Michigan governor signs order calling racism a public health crisis
Michigan Gov. Gretchen Whitmer (D) signed an executive order on Wednesday, officially declaring racism a public health crisis.
In an effort to “elevate Black voices,” the order also mandates that a state advisory council centered around Black leadership be created. Additionally, Whitmer wants the Michigan Department of Health and Human Services to have all state employees complete implicit bias training in an effort to “make health equity a major goal.”

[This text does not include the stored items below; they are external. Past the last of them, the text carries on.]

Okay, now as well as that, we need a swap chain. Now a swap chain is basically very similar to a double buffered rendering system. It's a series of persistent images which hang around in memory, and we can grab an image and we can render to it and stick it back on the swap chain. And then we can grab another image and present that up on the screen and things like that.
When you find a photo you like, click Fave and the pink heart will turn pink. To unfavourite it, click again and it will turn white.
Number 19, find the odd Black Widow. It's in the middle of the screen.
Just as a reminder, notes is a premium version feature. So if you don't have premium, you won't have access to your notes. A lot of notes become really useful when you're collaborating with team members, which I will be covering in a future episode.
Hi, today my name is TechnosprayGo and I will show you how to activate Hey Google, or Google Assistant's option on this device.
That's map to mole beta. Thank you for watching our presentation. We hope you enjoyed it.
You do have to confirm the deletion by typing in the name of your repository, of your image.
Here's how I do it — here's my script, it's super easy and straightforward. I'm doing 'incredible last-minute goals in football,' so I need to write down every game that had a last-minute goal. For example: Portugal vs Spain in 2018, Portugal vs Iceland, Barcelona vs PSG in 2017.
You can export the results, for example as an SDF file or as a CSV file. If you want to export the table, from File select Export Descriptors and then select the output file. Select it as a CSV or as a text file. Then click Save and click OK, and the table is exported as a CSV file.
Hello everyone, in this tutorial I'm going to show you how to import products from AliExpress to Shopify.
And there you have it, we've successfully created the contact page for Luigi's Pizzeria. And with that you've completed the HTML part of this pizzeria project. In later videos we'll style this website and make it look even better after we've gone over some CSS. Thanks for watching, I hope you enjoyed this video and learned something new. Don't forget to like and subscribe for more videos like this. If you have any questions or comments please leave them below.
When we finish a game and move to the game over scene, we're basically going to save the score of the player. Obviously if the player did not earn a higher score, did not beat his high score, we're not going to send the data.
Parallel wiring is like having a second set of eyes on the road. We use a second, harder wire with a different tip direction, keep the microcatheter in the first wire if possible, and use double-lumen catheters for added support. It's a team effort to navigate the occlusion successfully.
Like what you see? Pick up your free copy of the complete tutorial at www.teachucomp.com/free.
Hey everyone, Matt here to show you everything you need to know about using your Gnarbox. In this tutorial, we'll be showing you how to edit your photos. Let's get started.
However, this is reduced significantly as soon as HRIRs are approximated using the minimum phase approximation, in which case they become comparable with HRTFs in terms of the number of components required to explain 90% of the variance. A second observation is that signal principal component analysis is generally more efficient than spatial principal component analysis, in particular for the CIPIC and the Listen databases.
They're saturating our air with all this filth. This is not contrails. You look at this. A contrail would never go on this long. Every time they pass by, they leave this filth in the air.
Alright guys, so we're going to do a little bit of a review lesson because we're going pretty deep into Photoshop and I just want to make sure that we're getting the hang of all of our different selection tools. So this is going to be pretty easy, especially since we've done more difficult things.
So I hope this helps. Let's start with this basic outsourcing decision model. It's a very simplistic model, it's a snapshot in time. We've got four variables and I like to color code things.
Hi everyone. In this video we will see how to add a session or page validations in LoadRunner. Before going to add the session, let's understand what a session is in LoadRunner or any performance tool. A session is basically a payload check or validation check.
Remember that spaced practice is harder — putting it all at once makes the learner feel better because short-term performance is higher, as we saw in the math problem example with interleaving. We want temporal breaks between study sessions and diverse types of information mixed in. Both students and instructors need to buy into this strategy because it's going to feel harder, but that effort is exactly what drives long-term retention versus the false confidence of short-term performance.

“We must confront systemic racism head on so we can create a more equitable and just Michigan,” Whitmer said in a statement. “This is not about one party or person. I hope we can continue to work towards building a more inclusive and unbiased state that works for everyone.”
Governor Whitmer to Provide Update
on State’s Response to COVID-19 https://t.co/znXGC3GaFj
— Michigan State Police (@MichStatePolice) August 5, 2020
Michigan isn’t the first state to declare racism a public health crisis; Colorado and Wisconsin have done so recently as well. On a more local level, municipalities in 19 states have taken similar steps, including California, Pennsylvania and Texas.
Many of the declarations come after the American Public Health Association (APHA) declared systemic racism a public health crisis at the beginning of June — shortly after Minneapolis police killed George Floyd, a Black man.
Floyd’s death regalvanized the Black Lives Matter movement and spurred nationwide protests that have been happening for most of the summer.
Moreover, health experts have found that COVID-19 has affected the U.S.’s communities of color at disproportionate rate.
According to The Detroit News, Black Americans account for roughly 27 percent of the confirmed cases and nearly 40 percent of its deaths, although Michigan is only 14 percent Black overall.
Michigan has 84,050 confirmed COVID-19 cases and 6,219 deaths.